Nas ruínas esquecidas de Thandor, onde o musgo cresce sobre o que um dia foi altar, ele ainda vive. Chamam-no de Mariel, o Guardião do Véu.
Outros o chamam de tolo, louco ou espectro que se recusa a morrer. Mas Cristal o conhecia por outro nome: oráculo silencioso.
Ninguém vai até Mariel por respostas fáceis. E ninguém volta com as mesmas perguntas.
Na alvorada de um ciclo sombrio, quando rumores sobre Tharok voltaram a se espalhar pelos confins de Varneth, a princesa deixou o castelo em silêncio, acompanhada apenas por Problemática, a arcana de olhos quietos e segredos inquietos.
A caminhada até Thandor levou três dias, e em todos eles, nenhuma palavra foi dita entre as duas. Mariel as aguardava sentado sobre um círculo esculpido na pedra. Suas vestes eram feitas de linho antigo, e seus olhos, leitosos como orvalho sobre mármore.
Mas mesmo cego, parecia ver além.
— Então vieram. A Flecha da Luz… e o Eclipse que falhou.
Problemática desviou o olhar. Cristal não.
— Queremos saber o que Tharok ainda procura — disse a princesa.
Mariel sorriu. Mas não foi um sorriso gentil.
— Ele não procura. Ele espera. Espera pelo que ainda falta em você.
— Falar em enigmas não vai nos proteger — rebateu Cristal.
— E falar a verdade vai?
No centro da câmara, ele abriu um compartimento de pedra.
Ali dentro, um objeto enrolado em tecido sagrado: um fragmento de flecha, esculpido com runas que não pertenciam à luz… nem à sombra.
— Esta é a metade esquecida da Flecha da Luz — disse ele.

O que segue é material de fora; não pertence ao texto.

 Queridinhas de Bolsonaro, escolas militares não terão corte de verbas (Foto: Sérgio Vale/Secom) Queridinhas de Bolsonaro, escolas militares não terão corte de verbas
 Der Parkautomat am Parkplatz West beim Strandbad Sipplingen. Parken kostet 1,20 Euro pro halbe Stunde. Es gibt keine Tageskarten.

— O lado que Astra ocultou. O lado que fere, que condena, que exige.
Cristal estendeu a mão, mas Mariel a segurou com força surpreendente.
— Para carregar isso, precisará abrir mão do que mais acredita.
— Que é?
Ele encarou a arcana que a acompanhava.
— A lealdade absoluta.
A flecha completa não obedece.
Ela decide.
De volta ao castelo, Cristal permaneceu em silêncio por dias. Não revelou o que vira, nem o que ouvira. Mas passou a carregar algo novo consigo: um tubo de metal escuro, trancado por selo mágico.
E em noites sem lua, dizem que Problemática visita o Salão da Lâmina e encosta a palma da mão sobre ele, como quem escuta.
Não se sabe o que Mariel realmente foi — homem, espírito, sentinela.
Mas na neblina de Thandor, onde sua voz ecoa entre as ruínas, um sussurro permanece:
“O mundo não será salvo por quem obedece.
Será salvo por quem ousa ouvir… o que ninguém quer escutar.”